MATERIALS PROVIDED |
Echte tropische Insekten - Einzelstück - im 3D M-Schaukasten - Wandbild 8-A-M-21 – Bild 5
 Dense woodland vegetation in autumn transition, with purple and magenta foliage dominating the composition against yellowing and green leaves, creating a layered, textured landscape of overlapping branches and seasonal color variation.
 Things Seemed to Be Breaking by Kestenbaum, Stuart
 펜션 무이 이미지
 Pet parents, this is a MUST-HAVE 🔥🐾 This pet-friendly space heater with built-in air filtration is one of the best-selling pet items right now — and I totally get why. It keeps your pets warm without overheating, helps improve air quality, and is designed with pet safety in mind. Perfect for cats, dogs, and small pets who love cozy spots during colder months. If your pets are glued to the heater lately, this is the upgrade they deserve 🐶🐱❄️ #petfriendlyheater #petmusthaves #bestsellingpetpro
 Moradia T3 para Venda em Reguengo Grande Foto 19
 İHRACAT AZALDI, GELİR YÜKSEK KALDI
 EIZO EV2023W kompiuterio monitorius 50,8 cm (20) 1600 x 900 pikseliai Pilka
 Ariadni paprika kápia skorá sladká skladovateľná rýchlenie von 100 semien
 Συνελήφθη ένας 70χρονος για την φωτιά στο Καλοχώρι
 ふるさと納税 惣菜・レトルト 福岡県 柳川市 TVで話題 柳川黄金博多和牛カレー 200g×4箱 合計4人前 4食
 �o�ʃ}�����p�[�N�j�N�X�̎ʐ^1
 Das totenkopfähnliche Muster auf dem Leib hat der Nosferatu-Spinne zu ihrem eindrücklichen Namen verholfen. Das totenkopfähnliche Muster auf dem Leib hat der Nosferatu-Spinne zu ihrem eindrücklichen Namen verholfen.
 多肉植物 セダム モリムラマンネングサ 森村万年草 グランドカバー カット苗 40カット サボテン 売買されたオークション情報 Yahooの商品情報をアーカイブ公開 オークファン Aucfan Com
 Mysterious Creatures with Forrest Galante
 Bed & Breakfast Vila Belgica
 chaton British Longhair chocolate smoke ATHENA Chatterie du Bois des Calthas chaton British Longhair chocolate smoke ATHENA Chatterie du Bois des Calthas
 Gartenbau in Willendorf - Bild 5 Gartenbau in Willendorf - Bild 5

ASSIGNED TASK | Please transcribe the data exactly from its first line. End with the line that contains "Συνελήφθη ένας 70χρονος".

RESPONSE AREA |
Echte tropische Insekten - Einzelstück - im 3D M-Schaukasten - Wandbild 8-A-M-21 – Bild 5
 Dense woodland vegetation in autumn transition, with purple and magenta foliage dominating the composition against yellowing and green leaves, creating a layered, textured landscape of overlapping branches and seasonal color variation.
 Things Seemed to Be Breaking by Kestenbaum, Stuart
 펜션 무이 이미지
 Pet parents, this is a MUST-HAVE 🔥🐾 This pet-friendly space heater with built-in air filtration is one of the best-selling pet items right now — and I totally get why. It keeps your pets warm without overheating, helps improve air quality, and is designed with pet safety in mind. Perfect for cats, dogs, and small pets who love cozy spots during colder months. If your pets are glued to the heater lately, this is the upgrade they deserve 🐶🐱❄️ #petfriendlyheater #petmusthaves #bestsellingpetpro
 Moradia T3 para Venda em Reguengo Grande Foto 19
 İHRACAT AZALDI, GELİR YÜKSEK KALDI
 EIZO EV2023W kompiuterio monitorius 50,8 cm (20) 1600 x 900 pikseliai Pilka
 Ariadni paprika kápia skorá sladká skladovateľná rýchlenie von 100 semien
 Συνελήφθη ένας 70χρονος για την φωτιά στο Καλοχώρι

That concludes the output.